### Brief
For the material below, reproduce exactly each line from the one that has "LICOR ORUJO HIERBAS BOT. 70 CL. 28% VOL." through the one that has "robert-hooke_micrographia.png", and no others; pictures stay out.
==== Study material ====
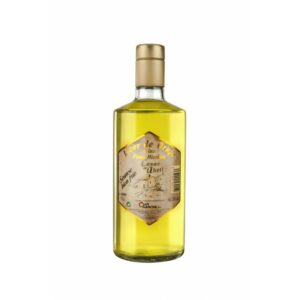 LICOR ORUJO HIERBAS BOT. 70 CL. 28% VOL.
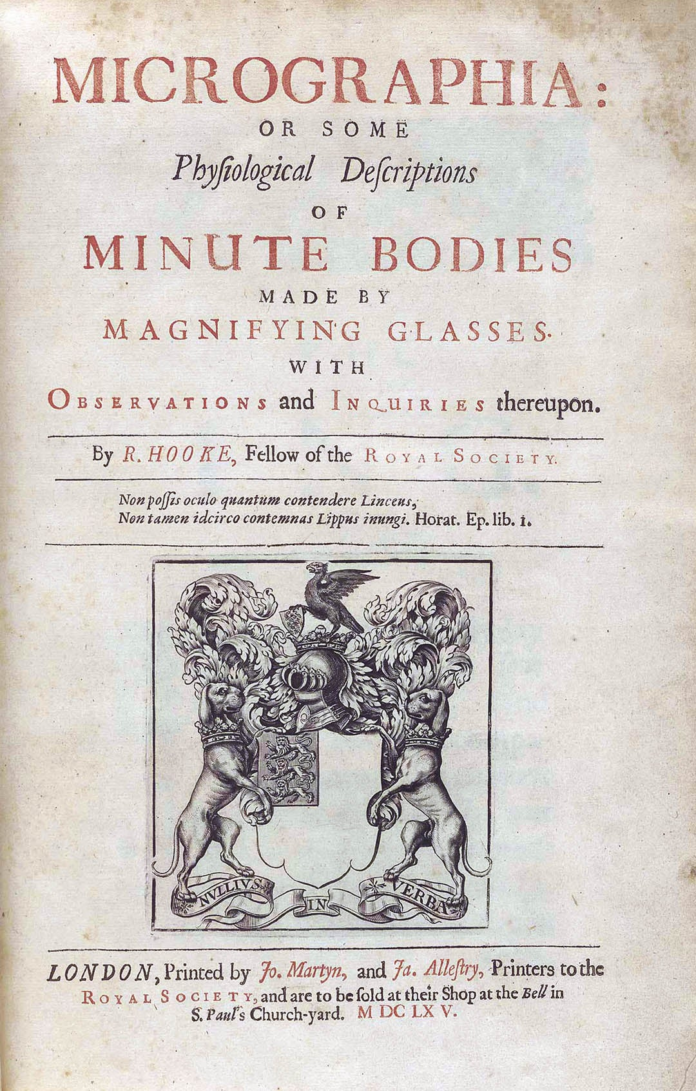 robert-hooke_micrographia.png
====
==== Study material ====
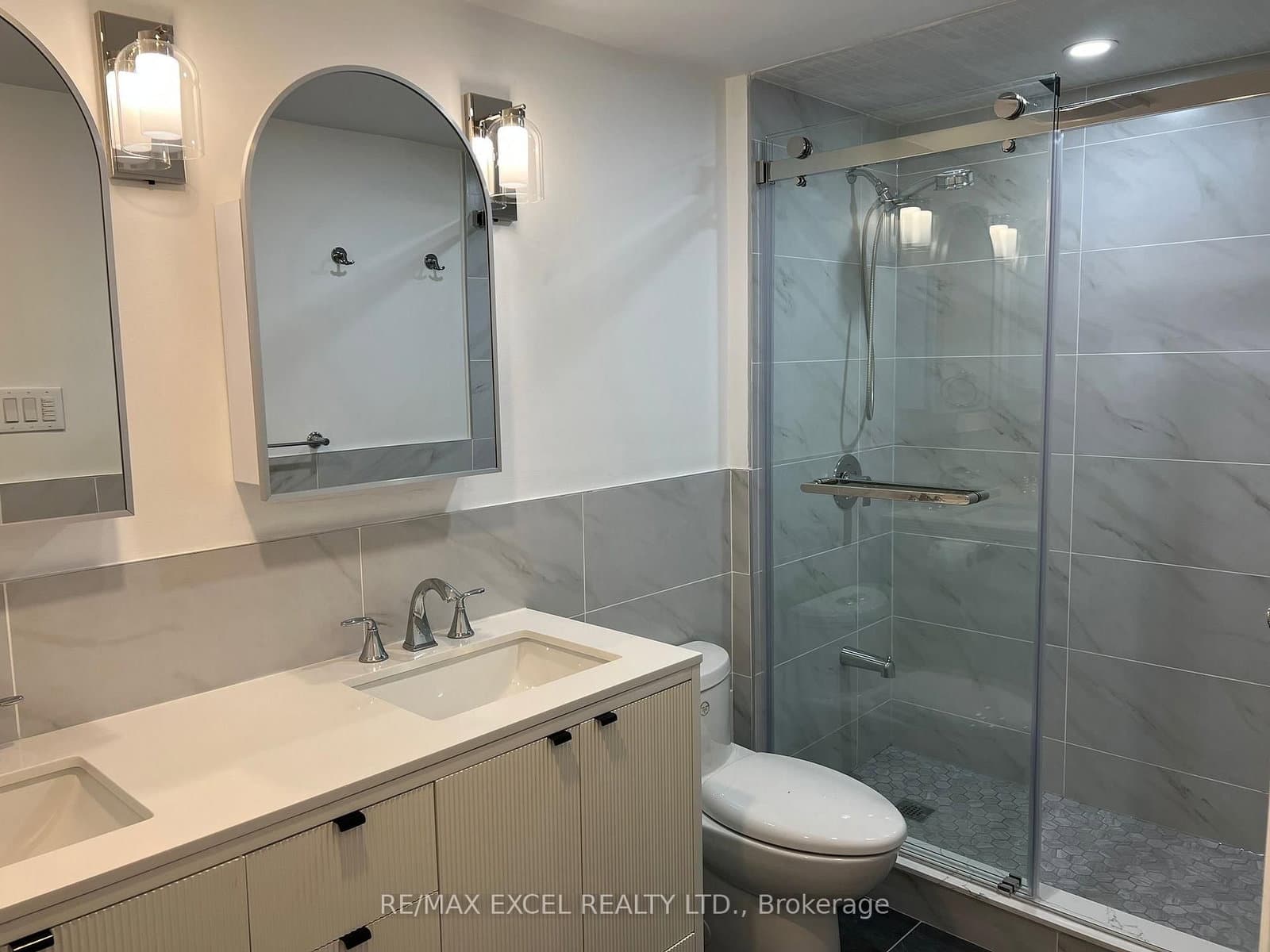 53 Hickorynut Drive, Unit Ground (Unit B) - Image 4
====
### Exercise result
 LICOR ORUJO HIERBAS BOT. 70 CL. 28% VOL.
 robert-hooke_micrographia.png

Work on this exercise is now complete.